Requirements for a Hardware Store Application

You are the owner of a hardware store and you need to keep an up-to-date inventory of the tools in stock. Write a program that initializes a random-access file hardware.dat to two hundred and fifty empty records. The program should allow you to:

  1. Write this program as an application.
  2. The application should use a menu bar and menu items to show the various options.
  3. Initialize the hardware.dat file to 250 empty records;
  4. Input the data concerning each tool;
  5. Delete a tool that you no longer carry;
  6. Update information on any tool that you carry;
  7. List all of the tools in your inventory;
  8. Present views for the various categories (e.g. lawn mowers) of tools that you carry.
  9. Add a shopping cart.
  10. Get Customer information
  11. Print an invoice which shows the customer selected items and the price for these items.
  12. The comments should be written in the style expected by javadoc.
    • javadoc style comments begin with /** and end with */.
    • For example, /** This is what a javadoc style comment looks like. */

Possible Approaches to Building an Application

When we look at the requirements (clues), a few items jump out at us.

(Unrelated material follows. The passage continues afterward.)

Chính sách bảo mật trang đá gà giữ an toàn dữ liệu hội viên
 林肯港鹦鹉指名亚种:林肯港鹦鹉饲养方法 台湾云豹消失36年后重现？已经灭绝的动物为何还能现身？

  1. application - a program with a main() method
  2. views - ways to present the data
  3. inventory - implies persistent data
    • Data that is stored (written) to a storage device
    • Data that is retrieved (read) from a storage device
    • Means to manipulate (create, update, delete) the data

Over the years, I have seen various approaches to building an application. I will use the following simple approach. It combines a top-down and a bottom-up approach for getting to the solution. Templates allow us to solve this problem from a top down view. We will use a template for the application and one for the data.

   
/** this is a template for an application */

public MyApp extends JFrame {
   class level variables

   public MyApp() {
      ...
   }
 
   public static void main( String args[] ) {
      ...
   }

   private MyInner Classes() {
      ...
   }
}


and

/** this is a template for a file I/O class */ public MyRecord { class level variables public NewRec() { ... } public UpDateRec() { ... } public DeleteRec() { ... } public ReadRec() { ... } public WriteRec() { ... } public getVar1() { ... } public getVar2() { ... } public getVar3() { ... } public getVar_n() { ... } public setVar1() { ... } public setVar2() { ... } public setVar3() { ... } public setVar_n() { ... } }
Figure 1: Templates for applications and I/O class


There are several ways to design an application and a file I/O class. We will not explore those approaches for this tutorial. Some approaches put much of the application code in the main method. I prefer to put the code in the classes and keep the main() methods as simple as possible. This approach allows us to test classes as stand-alone classes and integrate them more easily into more complex applications. For instance, I would never create a menu bar in the main method. I would create the menu bar in the class constructor or in a method called from within the class constructor. For enterprise level applications, I prefer to create a Menu class that contains minimal capability and then use inheritance and method overriding to tailor the subclass to fit our needs. I'll leave it to the reader to modify the code to change the affected method to a class and then use inheritance. Some of the more advanced readers may want to consider using an interface instead of a class, when doing the modification.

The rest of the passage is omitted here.